*** Opening Record excerpts ***

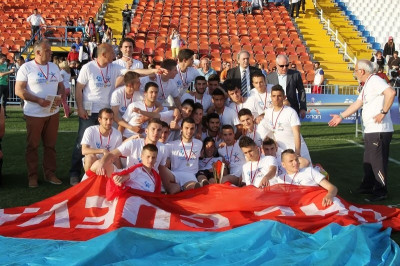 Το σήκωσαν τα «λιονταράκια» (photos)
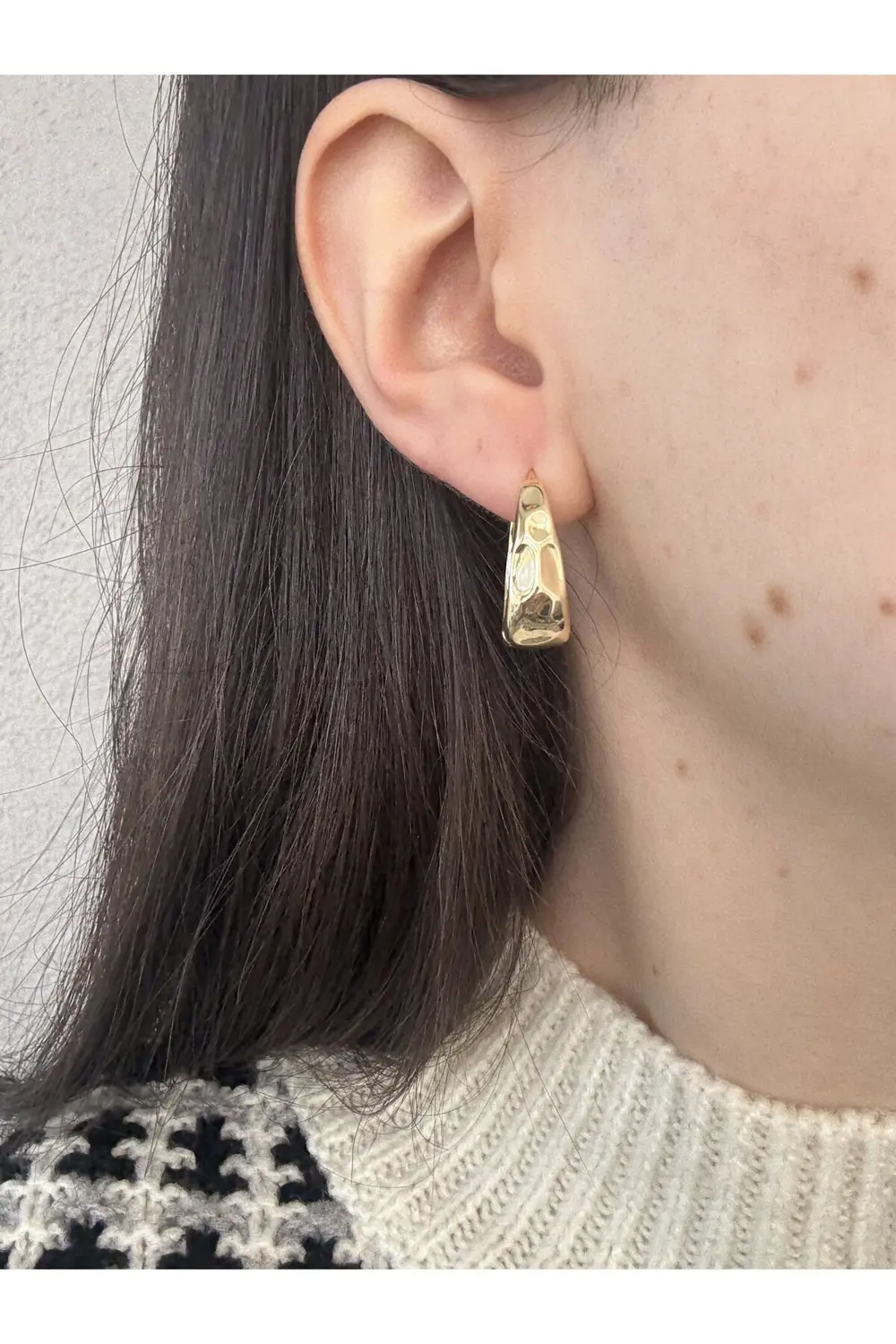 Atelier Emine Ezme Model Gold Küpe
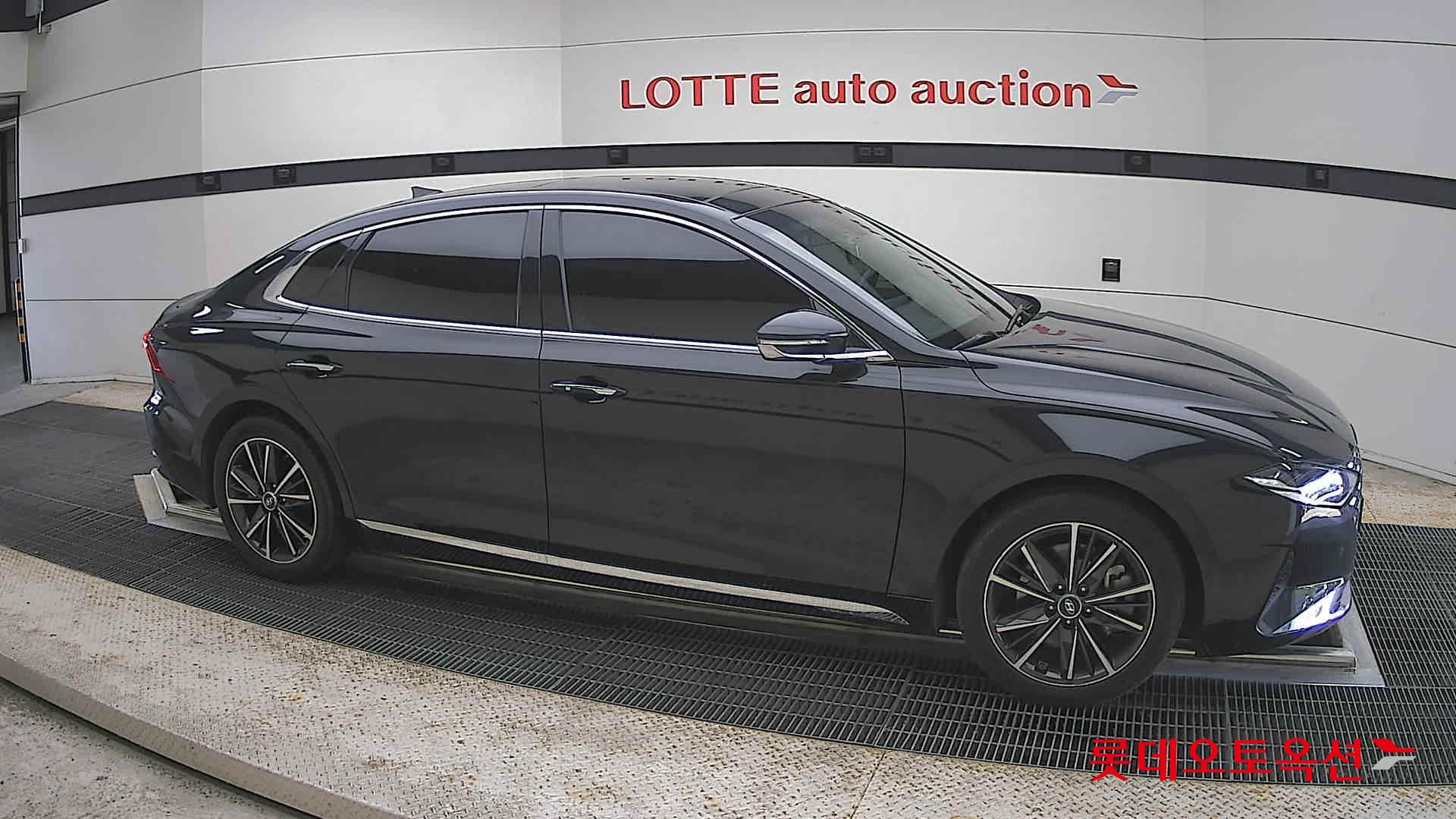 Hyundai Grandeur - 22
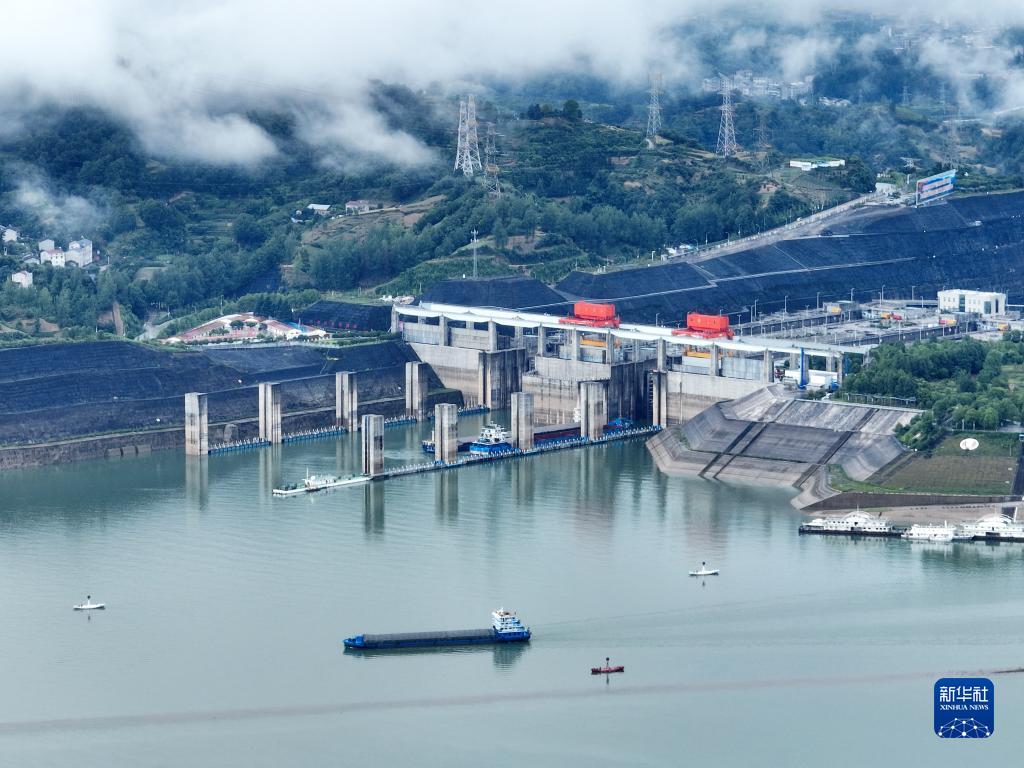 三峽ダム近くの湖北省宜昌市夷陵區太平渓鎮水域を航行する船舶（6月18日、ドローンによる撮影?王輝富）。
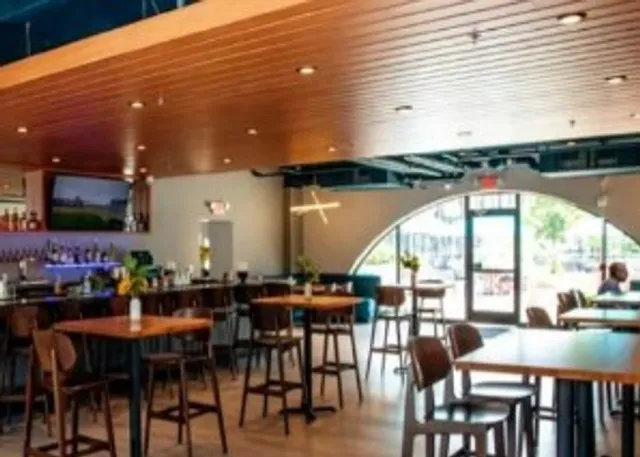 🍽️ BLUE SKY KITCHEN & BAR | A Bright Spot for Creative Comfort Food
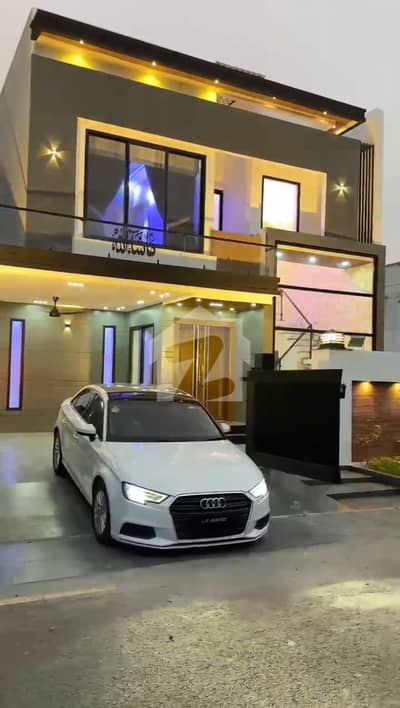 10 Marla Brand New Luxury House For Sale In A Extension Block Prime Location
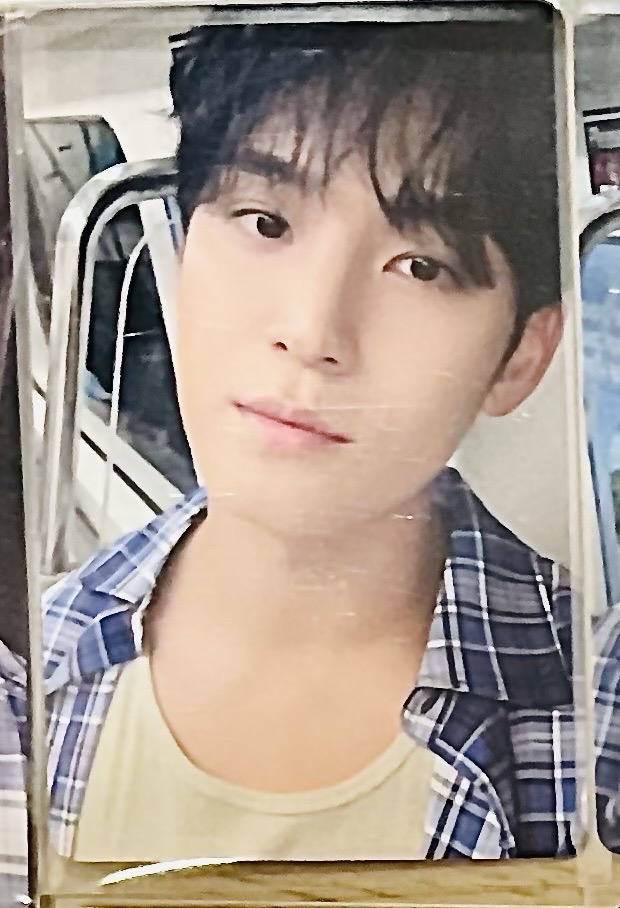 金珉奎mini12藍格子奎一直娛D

*** Closing Record excerpts ***

Goal of the exercise:
Without the pictures, print the records in full, exactly as they appear.

Result for this task:
 Το σήκωσαν τα «λιονταράκια» (photos)
 Atelier Emine Ezme Model Gold Küpe
 Hyundai Grandeur - 22
 三峽ダム近くの湖北省宜昌市夷陵區太平渓鎮水域を航行する船舶（6月18日、ドローンによる撮影?王輝富）。
 🍽️ BLUE SKY KITCHEN & BAR | A Bright Spot for Creative Comfort Food
 10 Marla Brand New Luxury House For Sale In A Extension Block Prime Location
 金珉奎mini12藍格子奎一直娛D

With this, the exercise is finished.